Somut olayda, verilen kararlar açısından öncelikle tarafları, konusu ve sebebinin aynı olması şartları yönünden inceleme yapıldığında, davacı tarafından, ön alım hakkının bulunmadığı yönünde tesis edilen işlemin iptali istemiyle Sağlık Bakanlığı’na; kamu konutunun satışına ilişkin 23/06/2020 tarihli ihalenin iptali istemiyle Ankara Valiliği’ne karşı açılan davaların bu idareler husumetiyle görülüp sonuçlandırıldığı dikkate alındığında, bu davalarda verilen kararlar açısından tarafları, konusu ve sebebinin aynı olması şartının gerçekleşmediği anlaşılmaktadır.

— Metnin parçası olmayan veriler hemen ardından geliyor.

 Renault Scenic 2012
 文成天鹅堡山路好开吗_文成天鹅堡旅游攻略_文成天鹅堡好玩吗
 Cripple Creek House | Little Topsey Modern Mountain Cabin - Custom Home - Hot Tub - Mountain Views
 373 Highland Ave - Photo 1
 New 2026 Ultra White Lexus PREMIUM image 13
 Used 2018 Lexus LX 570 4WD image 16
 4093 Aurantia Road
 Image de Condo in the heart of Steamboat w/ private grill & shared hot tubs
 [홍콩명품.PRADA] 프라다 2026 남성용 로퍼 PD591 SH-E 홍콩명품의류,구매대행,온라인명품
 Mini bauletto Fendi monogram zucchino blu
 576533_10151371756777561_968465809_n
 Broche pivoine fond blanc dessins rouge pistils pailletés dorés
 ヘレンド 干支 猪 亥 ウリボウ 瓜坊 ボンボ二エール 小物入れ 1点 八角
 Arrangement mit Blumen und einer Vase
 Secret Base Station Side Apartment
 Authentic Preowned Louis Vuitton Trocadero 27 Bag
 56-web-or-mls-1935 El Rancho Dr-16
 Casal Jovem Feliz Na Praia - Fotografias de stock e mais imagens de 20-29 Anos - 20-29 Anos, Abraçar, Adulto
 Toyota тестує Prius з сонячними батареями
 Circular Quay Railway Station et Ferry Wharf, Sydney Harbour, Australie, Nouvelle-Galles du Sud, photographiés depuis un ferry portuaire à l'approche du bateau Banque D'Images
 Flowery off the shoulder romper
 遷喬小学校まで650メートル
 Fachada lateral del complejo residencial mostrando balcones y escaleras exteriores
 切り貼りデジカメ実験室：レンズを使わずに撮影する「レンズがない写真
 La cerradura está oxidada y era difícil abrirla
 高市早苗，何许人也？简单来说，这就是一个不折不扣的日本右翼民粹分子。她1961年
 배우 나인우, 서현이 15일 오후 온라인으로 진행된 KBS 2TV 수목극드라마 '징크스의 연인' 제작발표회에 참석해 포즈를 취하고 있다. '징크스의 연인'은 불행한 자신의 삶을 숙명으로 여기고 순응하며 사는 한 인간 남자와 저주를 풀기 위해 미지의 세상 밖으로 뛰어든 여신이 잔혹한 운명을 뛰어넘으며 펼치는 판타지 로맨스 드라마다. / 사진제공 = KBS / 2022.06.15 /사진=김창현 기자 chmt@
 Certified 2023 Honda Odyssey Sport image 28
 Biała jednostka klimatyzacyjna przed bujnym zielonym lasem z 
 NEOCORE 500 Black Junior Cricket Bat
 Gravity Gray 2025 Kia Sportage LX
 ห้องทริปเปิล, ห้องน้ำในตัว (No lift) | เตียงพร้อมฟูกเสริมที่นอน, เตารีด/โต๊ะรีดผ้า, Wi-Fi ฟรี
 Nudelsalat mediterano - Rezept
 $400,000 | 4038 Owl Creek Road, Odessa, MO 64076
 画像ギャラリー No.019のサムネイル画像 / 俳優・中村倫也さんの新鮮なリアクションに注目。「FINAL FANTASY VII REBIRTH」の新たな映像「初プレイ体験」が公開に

Bu itibarla, davacının yargılamanın yenilenmesi istemiyle verdiği dilekçede ileri sürdüğü nedenler, 2577 sayılı Kanun’un 53. maddesinin 1. fıkrasının (h) bendinde ve anılan maddede tek tek ve sınırlı olarak sayılan yargılamanın yenilenmesi nedenlerinden hiçbirine uygun olmadığından, istemin reddi gerekmektedir.

KARAR SONUCU:
Açıklanan nedenlerle;
1. Davacının yargılamanın yenilenmesi isteminin REDDİNE,
2. 492 sayılı Harçlar Kanunu’nun 10. maddesi uyarınca …-TL harcın istemi hâlinde davacıya iadesine,
3. …-TL posta giderinin davacı üzerinde bırakılmasına, posta gideri avansından artan tutarın davacıya iadesine,
4. 2577 sayılı Kanun’un 20/A maddesinin ikinci fıkrasının (i) bendi uyarınca kesin olarak, 26/01/2023 tarihinde oybirliğiyle karar verildi.